I COME TO RUN THIS PLACE AGAIN
Dr. Lester CN Simon
Sting, the former teacher and world renowned musician from Newcastle upon Tyne was once asked when he knew he had really made it. He responded that it was precisely when he heard a window cleaner outside his hotel room whistling his song, Roxanne. I was in a local department store a few weeks before Carnival and I knew precisely then that we were in for a treat this year when a 5 or 6 year old girl, unbothered by the goings-on in the store and without the sound of music in the air, plaintively sang to herself, “Go Claudette”.
We have to understand the anatomy of “Go Claudette” to understand what we will be up against in preparation for the next General Elections. You have to be really hot and brimming with self confidence to start a song pledging that you come to run this place, again. It cannot be an idle boast. Think of the relatively few good, popular songs that carry or start with a boastful “I”. I Come Out to Play by Shadow; I’m Bad by Michael Jackson; I Was Made To Love Her by Stevie Wonder and I Got Rhythm, the jazz standard by George and Ira Gershwin. If you want window cleaners or school children to sing your songs, it makes good sense to start the song with a child singing it, as in “Go Claudette”. Some marketing expert is earning their salary.
In music, as in marching, there are strong beats and weak ones. A jazz singer once chided some members of her (mostly white) audience for tapping and clapping on the strong beats. She politely explained that the strong beats were already strong and therefore if they wanted to be hip, and humane and not cruel, they must accentuate the weak beat, not the strong one. So with the emphasis on the weak, second beat of “Go Claudette”, you add an upbeat after that same weak, second beat but before the next, first, strong beat, which is imagined but not heard. It is as if soldiers are no longer marching to Left-Right-Left-Right but to Right-and-Right-and, with the Left in the imagination only. The strong beat is suspended in ether and you are left totally weakened and rocking as the lady comes to “run this place again”.

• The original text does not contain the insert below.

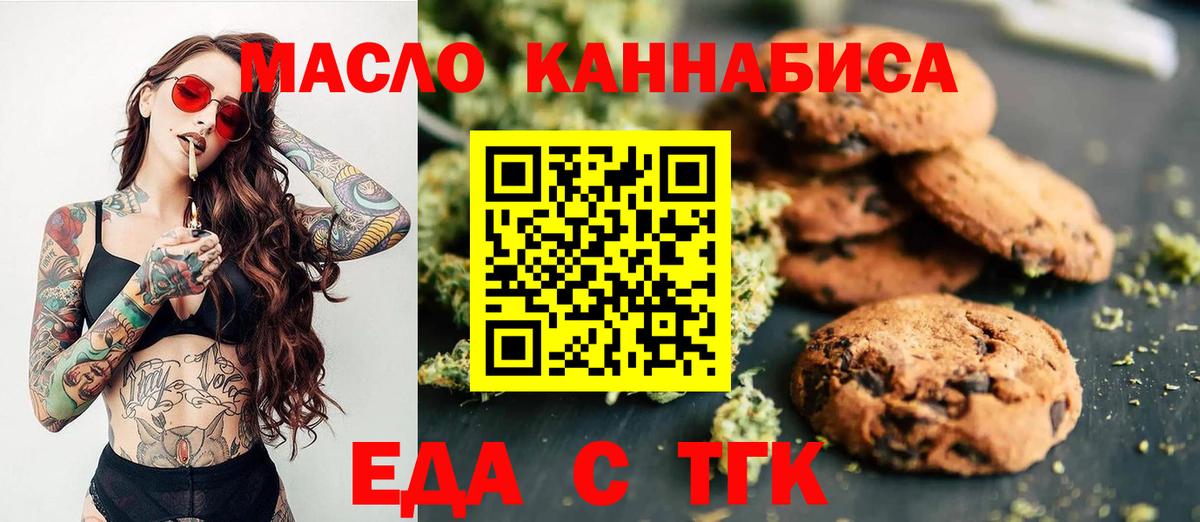 Лангепас  Canna-Cookies конопля  Вход с VPN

Vanity is always a difficult subject to handle. If you are going to tackle human weaknesses such as the seven deadly sins, it is wise to take on one at a time, unless you are writing the classic novel without a hero, Vanity Fair. “Go Claudette” does this with masterful ease as she exalts her anatomy and becomes the ultimate mythical hero by turning us into her personal Narcissus. She delivers on the bald and bold declaration that she comes “to run this place again”. We enjoin the bliss of requited love responding with her hook line as she basks in the reflection from the pool of her vanquished fans.
This brings us to the other vain creature in our society: the politician. When an astute politician declares a mere couple of days after Carnival that he wants the Carnival Development Committee (CDC) to give the nation a detailed account of how the money was utilized, you can bet your ABST dollar he is doing a completely different accounting. His real concentration is on how to stop a ruling political party that will most certainly use “Go Claudette” at its political party meetings in 2009? Imagine a prelude of chanting, “Go Baldwin; Go Baldwin”, followed by PM Spencer proclaiming to his dear good people, “I Come to Run This Place Again”. The die is cast. Between now and next Carnival, the hunt is on for that unique song that can lift a singer and a party from second place to first.
There are many similarities between a singer and a politician. They claim to treat everyone equally at the very same time they make every one of us truly believe we are unique. They promise the world and say they would climb the highest mountain and swim the deepest sea to keep their promise. They cannot exist without us and we cannot exist without them. They are good story tellers even when, especially when, they tell untruthful stories. Their main aim is to get us to open ourselves to them. It is all part of the historic call-and-response phenomenon. They make the call and we respond. It does not matter much which way we respond initially, they can fashion the precise response they desire by repetition. They are like some televangelist in some ways, preaching their own vainglorious sermon. Oftentimes they take your collection money and perform poorly, if at all.
The task is not impossible for the current second place holder. Their researchers will have to study epic works like The Lord of the Rings to understand classical themes such as good versus evil, humility over pride and the heroic struggles against the great ring of power. More familiar territory might be a resort to the Book of all epics and the teachings of the true Master, whose themes personify repentance and forgiveness of sin as prerequisites to admission.
Religion was an enthralling force during the last General Elections. It will have a second coming. There is never a sight as noble as a congregation of contrite sinner rising from the depths of despair, earnestly testifying that they would do things differently if only given one more chance to “run this place again”.